Figure 2. Identification of an Mtb In Vivo Signature in Mice.

(A) Principal-component analysis (PCA) of the Mtb transcriptome from three different environmental conditions: in vivo, cell culture (BMDM), and broth (7H9-OADC).

(B) Heatmap showing relative expression levels for the “in vivo signature,” a set of 180 genes upregulated only during growth in lung macrophages.

(C) Functional characterization of the in vivo gene signature shows how many of the genes belong to the “conserved hypothetical” class with undefined function.

(D) Protein-protein network analysis of the “in vivo signature” reveals a cluster of genes involved in cholesterol degradation (Kstr2), response to nitrosative and oxidative stresses (ergothioneine), and nitrogen assimilation and export machinery (Esx-5). Only high-confidence (>0.7) interactions were used to build the network.

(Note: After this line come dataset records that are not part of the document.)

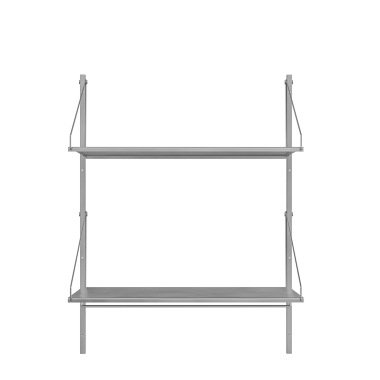 Wandregal Shelf Library Hanger Section stainless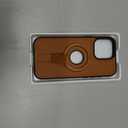 Butaiga for iPhone 16 Pro Max Leather Case with Stand, Anti-Slip Grip Ring, Fits for MagSafe (Brown, iPhone 16 Pro Max)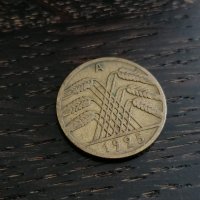 Райх монета - Германия - 10 пфенига | 1925г.; серия А, снимка 2 - Нумизматика и бонистика - 26805707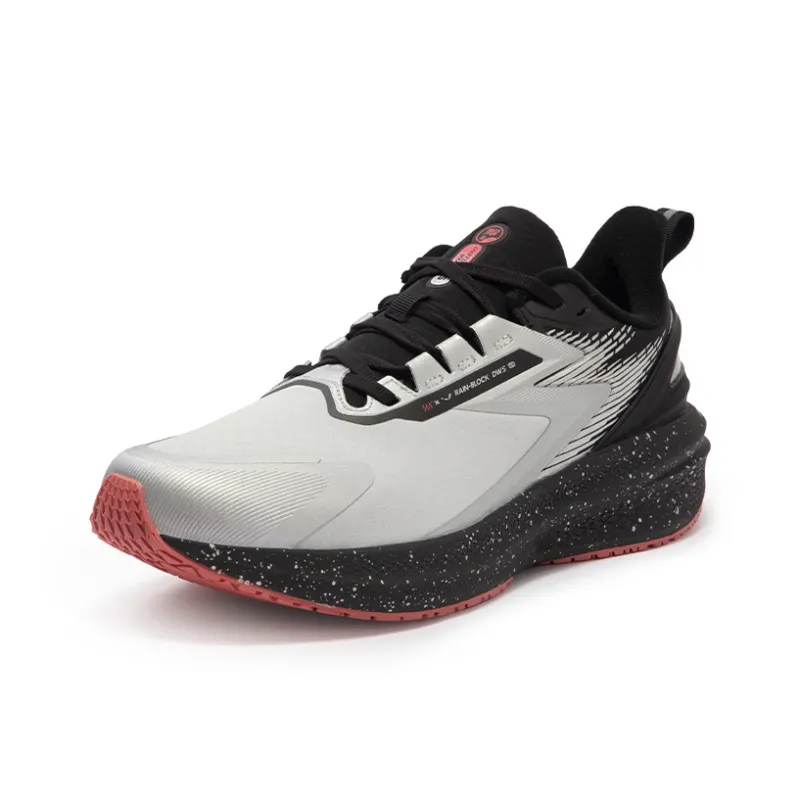 361° Rainy Day 7.0 Slip Resistant, Abrasion Resistant, Waterproof Low Top Trail Running Shoes Men's Silver White-1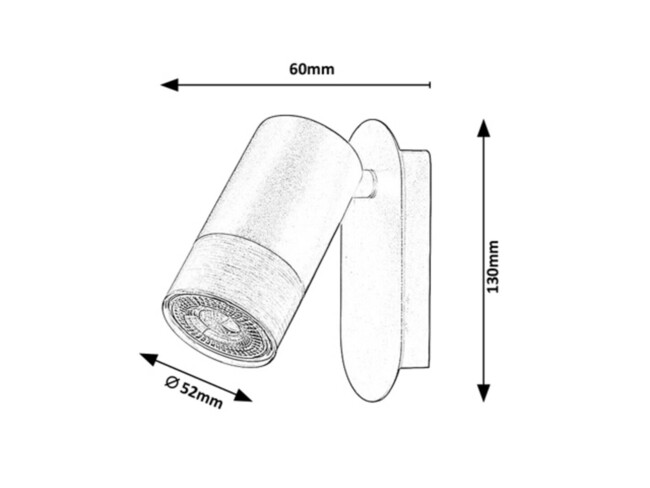 Svietidlo ZIRCON - GU10/max. 5W, IP20 - 5069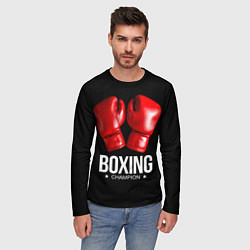 Лонгслив мужской Boxing Champion, цвет: 3D-принт — фото 2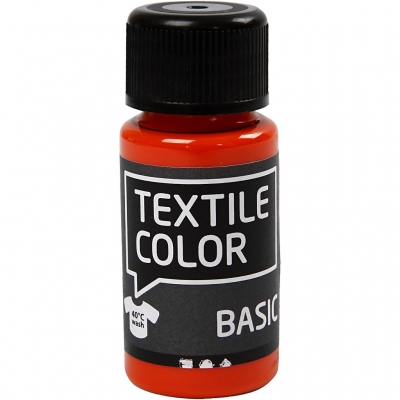 Textile Color textilfärg, orange, 50 ml/ 1 flaska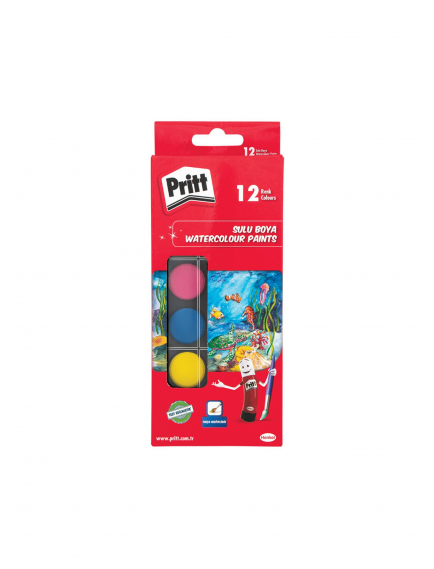 Pritt 12-Color Small Tablet Watercolor Pritt 12-Color Small Tablet Watercolor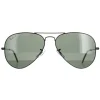 Ray-Ban Polarised|Ray-Ban^Sunglasses Aviator 3025 W3361 Polished Black Green G-15 Polari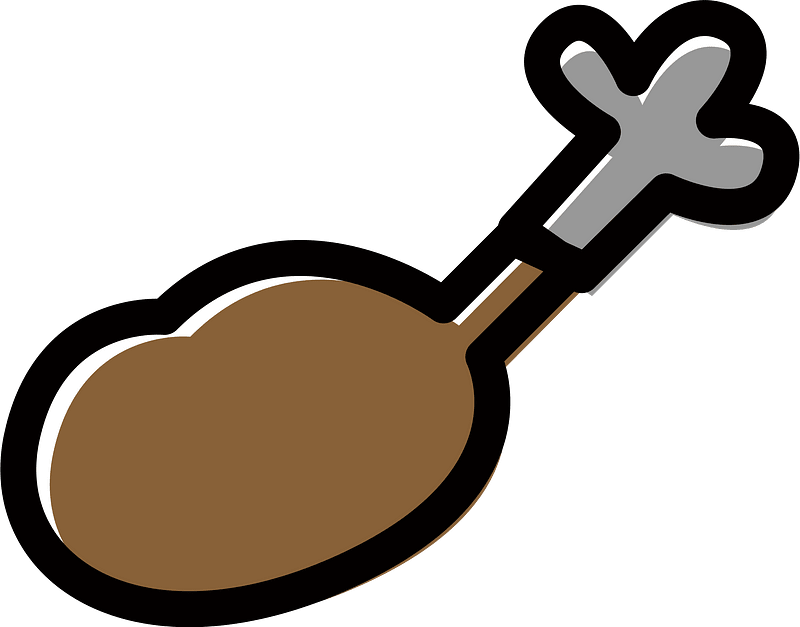 Chicken Leg clipart. Free download transparent .PNG Creazilla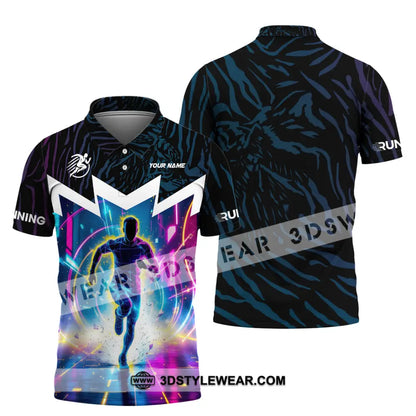 Men Shirt - Custom Running Love Runner Shirt - Polo Shirt / S - T-shirt
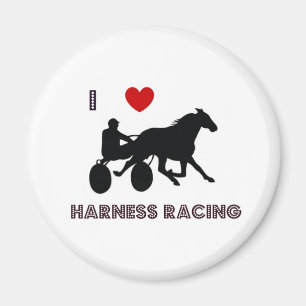 I Liebe: Harness Racing Magnete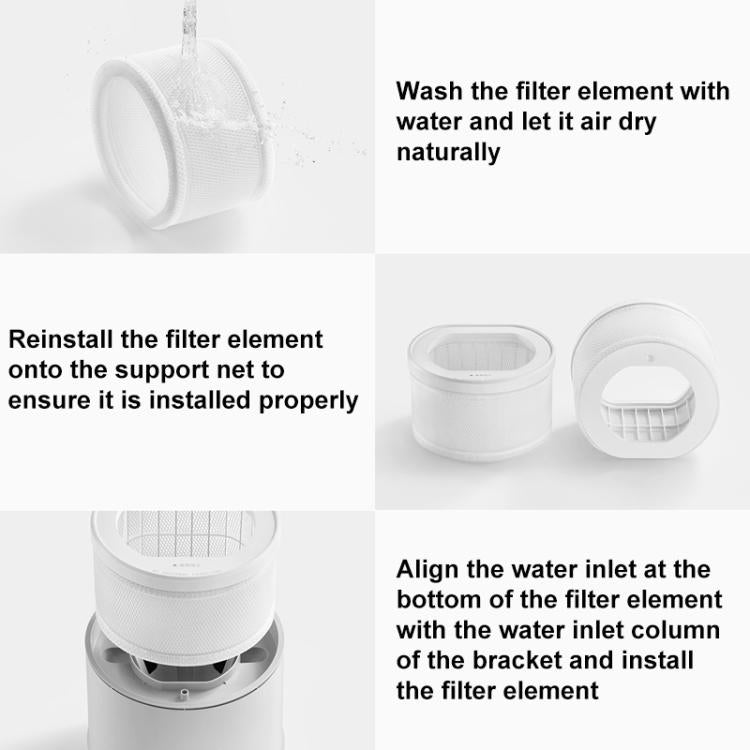 ไส้กรองเครื่องเพิ่มความชื้น Xiaomi Mijia 6L No-Mist Humidifier 3, ไส้กรอง 6L No-Mist Humidifier 3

(E) Heatmap showing relative expression levels for the genes in the cholesterol degradation pathway Kstr2.

(F) Boxplot of the main genes related to the MMP (MutA, MutB) and MCC (PrpC, PrpD) pathways. The transcriptional profile of Mtb from in vivo samples shows upregulation of the genes related to the MMP pathway but not of those involved in the recycling of the propionyl-CoA pool through the MCC.

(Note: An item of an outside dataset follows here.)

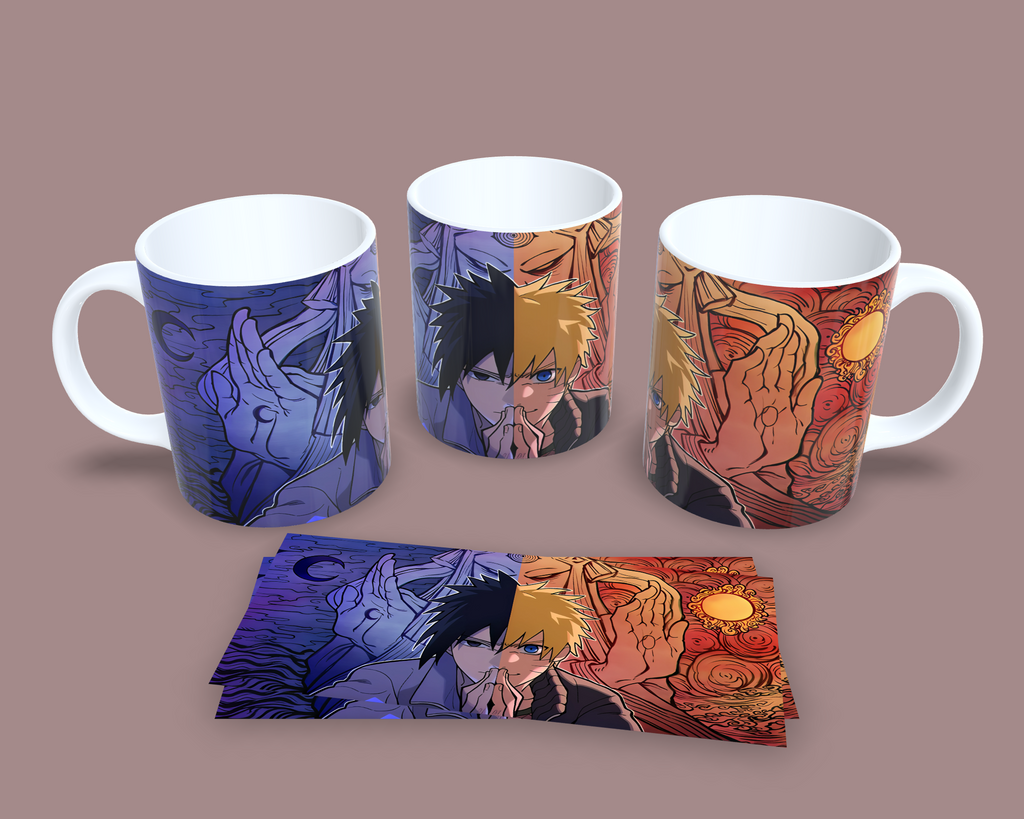 Taza Luz y Oscuridad pero el Mismo Destino // Naruto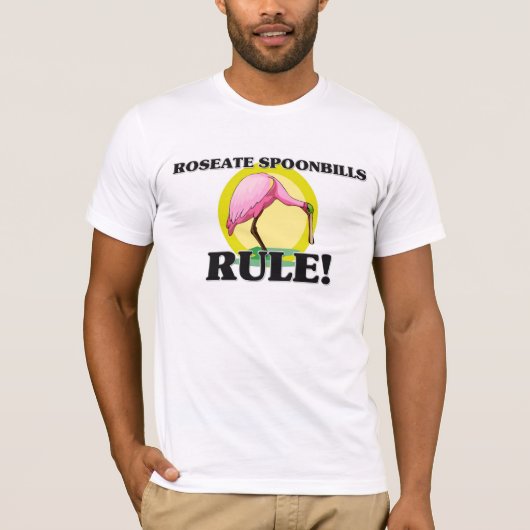 ベニヘラサギの規則! Tシャツ (正面)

(G and H) Heatmaps showing relative expression levels for genes in the inorganic nitrogen (G) and ESX-5 (H) pathways in Mtb.

(I) Violin plots showing expression levels (in log-normalized counts) of genes involved in the ergothioneine biosynthesis pathway.

Where appropriate, for all plots the statistical significance is shown on the picture (*adjusted p value [p-adj.] < 0.05, **p-adj. < 0.01, ***p-adj. < 0.001, and ****p-adj. < 0.0001). q values for comparisons among the groups were calculated using the Wald test as implemented in the DESeq2 pipeline.